Special damages include payment for all things that were a direct result of the breach of contract, but came about because of special or unusual circumstances. Special damages are much less frequently awarded. A party seeking consequential damages must demonstrate that the damages were foreseeable at the time the contract was formed.
“Special damages are those that do not necessarily result from the wrong or breach of contract complained of, or which the law does not imply as a result of that injury, even though they might naturally and proximately result from the injury. More succinctly, special damages are damages that do not follow by implication of law merely upon proof of the breach.” Land Title of Central Fla., LLC v. Jimenez, 946 So. 2d 90, 93 (Fla. 5th DCA 2006).
For example, a homeowner has to have their house painted by a specific date or else be fined by the neighborhood homeowner’s association. They enter into a contract with a painter and they tell the painter they need the house painted by a specific date or else they have to pay the fine. If the painter breaches the contract by failing to paint by the correct date, they will be liable for the special damages of the fine by the homeowner’s association.
Stipulated Damages a/k/a Liquidated Damages
At the time the contract is formed, the parties may agree to a fixed sum of money or a set formula for setting damages in the event of a breach. Restatement § 356. Stipulated damages will be enforced if they reflect an honest effort to anticipate the harm caused by a breach. Stipulated damages will be deemed invalid if they represent an attempt to punish the breaching party, such as in the case of unreasonably large damages.
Equitable Remedies for Breach of Contract
As mentioned above, ordinarily the non-breaching party to a contract seeks money damages. In some cases monetary damages cannot make the injured party whole. When legal damages are not sufficient in a breach of contract action, the court can turn to equitable remedies. There are several potential equitable remedies available in the context of contracts but this article will discuss the three most frequently seen remedies, specific performance, restitution, and rescission of the contract.
Specific Performance
Specific performance is a type of equitable remedy where the court orders the side that breached the contract to perform a specific duty under the contract. Specific performance is not available if expectation damages are adequate to put the aggrieved party in as good a position as he would have been had the contract been fully performed. See Castigliano v. O’Connor, 911 So. 2d 145, 148 (Fla. 3d DCA 2005) (“Specific performance shall only be granted when 1) the plaintiff is clearly entitled to it, 2) there is no adequate remedy at law, and 3) the judge believes that justice requires it.”).
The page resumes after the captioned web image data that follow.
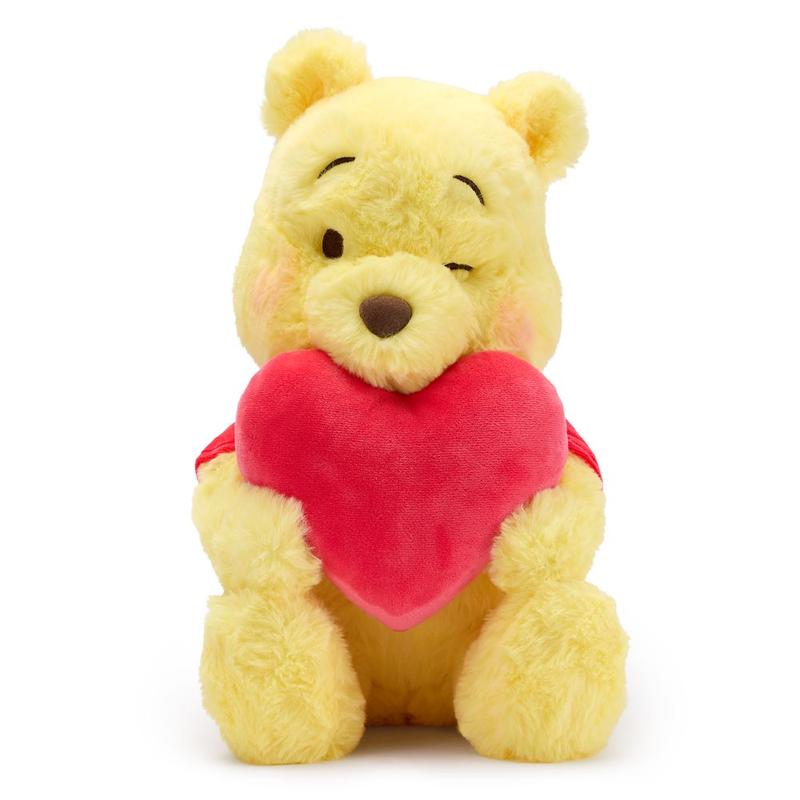 Disney Store Winnie the Pooh with Heart Plush – 13'' – Disney Store Japan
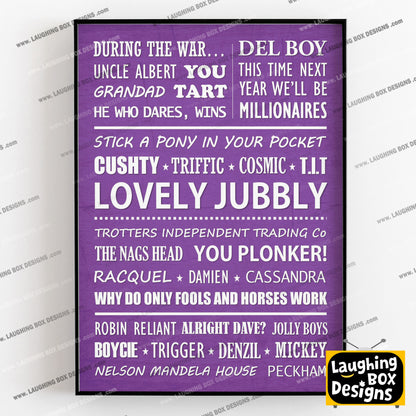 ONLY FOOLS AND HORSES Typography Print (available in 8 colours)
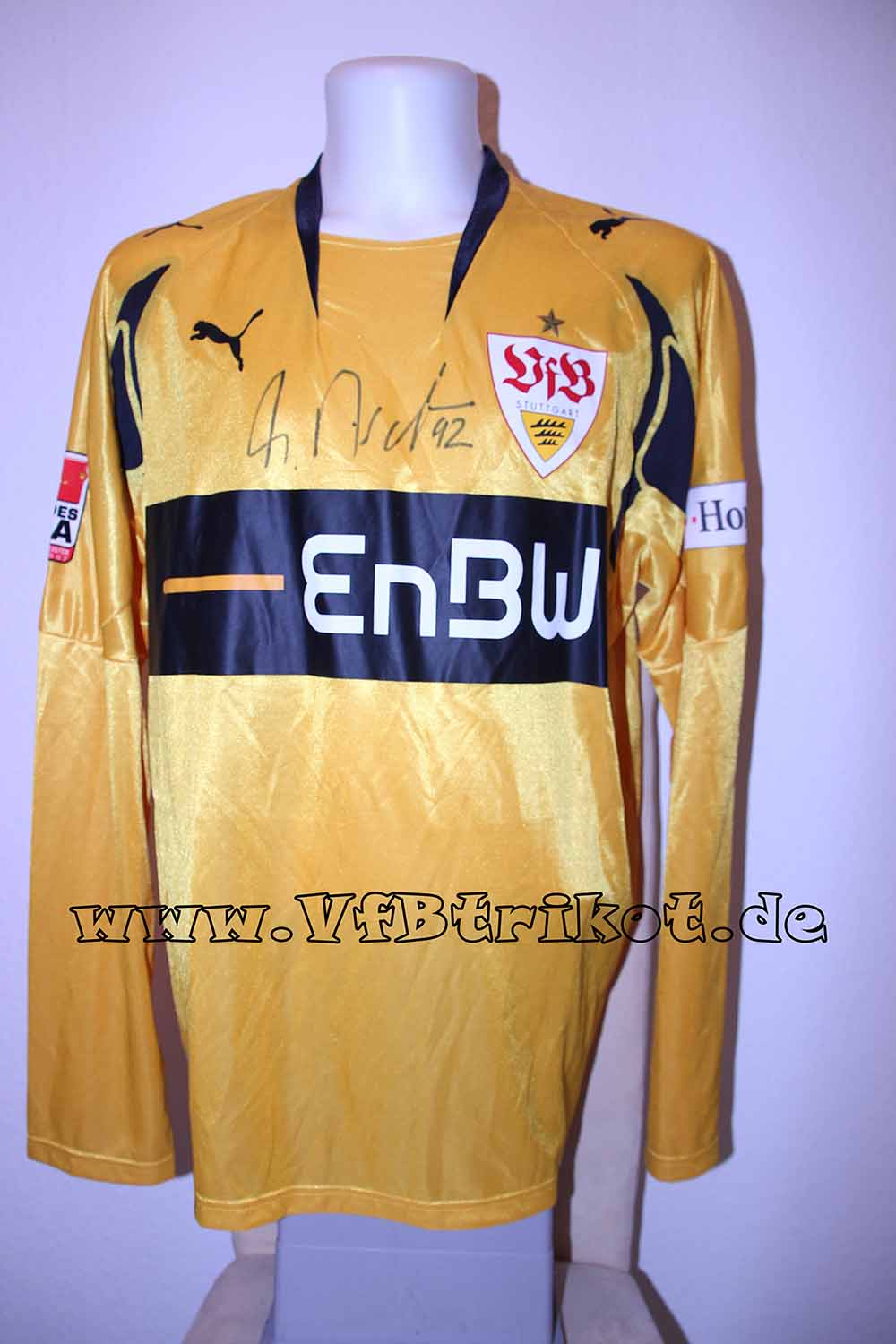 maillot de foot vfb stuttgart third 2007-2008 pas cher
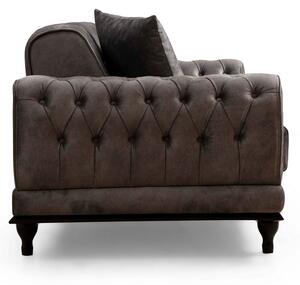 Design ágyazható kanapé Rococo 220 cm antracit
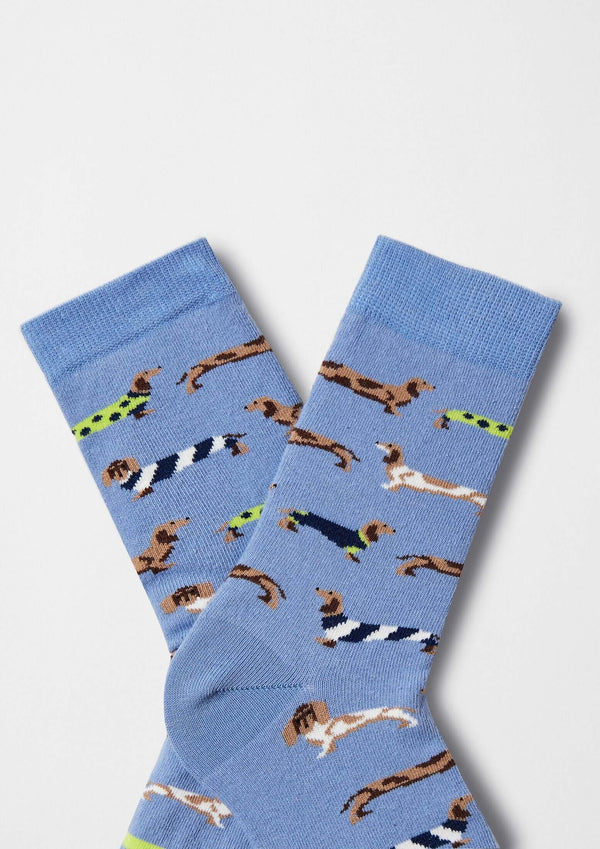 Chaussettes BePets Teckels Bleu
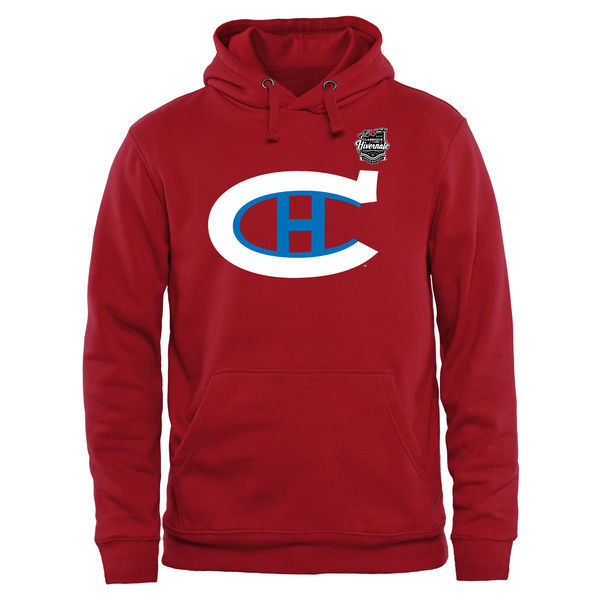 Men’s Montreal Canadiens red printed Hoodie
Expectation damages are deemed to be an inadequate remedy:
- where the subject matter is unique;
- in real property transactions; and
- in goods contracts, “where goods are unique or in other proper circumstances,” e.g., where the goods are in short supply.
Specific performance will only be ordered when the subject matter of the contract is unique. Land disputes are the most frequent area where specific performance may be ordered.
However, specific performance may also be appropriate when the dispute is over a family heirloom or a piece of art. Sometimes antiques are also said to be unique enough for specific performance to be a fair remedy.
Specific performance cannot be ordered in the case of personal services. A court will not order a painter to paint a house or a writer to complete a book. Doing so would violate the Constitutional prohibition of involuntary servitude.
Restitution
Restitution compensates a party for the benefit conferred on the other party as a result of partial performance or reliance, and is aimed at preventing unjust enrichment. The distinction between a damages remedy and a remedy of restitution has been explained as:
“The purpose of damages is to put the injured party in as good a position as he would have occupied had the contract been fully performed. In this context the injured party is considered to be ‘affirming’ the contract. The purpose of restitution, however, is to require the wrongdoer to restore that which he has received and thus tend to put the injured party in as good a position as he occupied before the contract was made; in this context the injured party may be said to have considered the contract as ‘terminated’ or ‘ended.’” Ocean Comm., Inc. v. Bubeck, 956 So. 2d 1222, 1225 (Fla. 4th DCA 2007).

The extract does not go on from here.